I remember in 2001 when I first heard about Agile software development and Scrum. It was a free lecture by one of the early Agile software practitioners, Allan Shalloway, at the Bellevue University. After a few years working in organizations that practiced Waterfall, I was one of the early Agile champions at Microsoft. The Agile ideology spread like wildfire. A few years later no one argued about the benefits of standups, stickies on the wall, rapid releases, and the rest of Scrum practices. Unfortunately, today the practice has run its course. I would not be putting familiarity with Scrum on your resume. What happened? To understand that we need to go back 20 years when Agile was just starting out.

Agile exploded in popularity for two reasons; one was technological, and another one was emotional. The technological reason is well explored: companies went from shipping software on CDs to using the Internet.

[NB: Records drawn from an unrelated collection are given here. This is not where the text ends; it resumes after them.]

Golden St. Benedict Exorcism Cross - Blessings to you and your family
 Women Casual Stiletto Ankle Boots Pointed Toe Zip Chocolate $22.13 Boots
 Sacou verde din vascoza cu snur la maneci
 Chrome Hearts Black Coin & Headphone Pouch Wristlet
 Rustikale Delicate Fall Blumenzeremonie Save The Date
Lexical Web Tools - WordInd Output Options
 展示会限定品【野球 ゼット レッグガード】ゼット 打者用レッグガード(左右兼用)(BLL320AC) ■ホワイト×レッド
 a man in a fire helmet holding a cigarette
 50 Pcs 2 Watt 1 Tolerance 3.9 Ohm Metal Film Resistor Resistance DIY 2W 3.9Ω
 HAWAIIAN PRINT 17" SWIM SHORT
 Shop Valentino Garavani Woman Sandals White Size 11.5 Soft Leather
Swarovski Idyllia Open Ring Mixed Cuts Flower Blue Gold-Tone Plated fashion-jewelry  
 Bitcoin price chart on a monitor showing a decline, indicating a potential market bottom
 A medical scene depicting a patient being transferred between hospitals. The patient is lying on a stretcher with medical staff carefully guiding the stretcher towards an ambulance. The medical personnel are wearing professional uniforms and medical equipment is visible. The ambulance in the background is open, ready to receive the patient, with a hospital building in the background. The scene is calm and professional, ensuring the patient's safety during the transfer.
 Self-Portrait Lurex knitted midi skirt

While continuous deployment was still its infancy the delivery of new versions of your code was much faster than shipping them on physical media. Of course, it took some time for a complete changeover, for years and years, you could still buy a copy of Office in a box at your local Office Max, but more and more companies focused on delivering their software via the web. It made a lot of rigidity of waterfall irrelevant. You should ship bug fixes faster, you could watch people use your software in real time, you could fix up their data if something went wrong. Agility allowed you to get feedback from the market faster. Companies adopting agile processes made software that was better suited to solve customer problems.

The emotional reason was that Waterfall generally sucked the joy from writing software. Software enthusiasts loved tinkering, prototyping, seeing the results of their ideas come produce visible results on a screen almost instantaneously. Instead of the ability to make computers do magical things engineers were stuck for months writing and debating design on paper, which could be so complex that you didn’t even know that it would really stay the same during the implementation phase. When Agile shrunk the amount of time between ideation and code most of the engineers eagerly participated in it.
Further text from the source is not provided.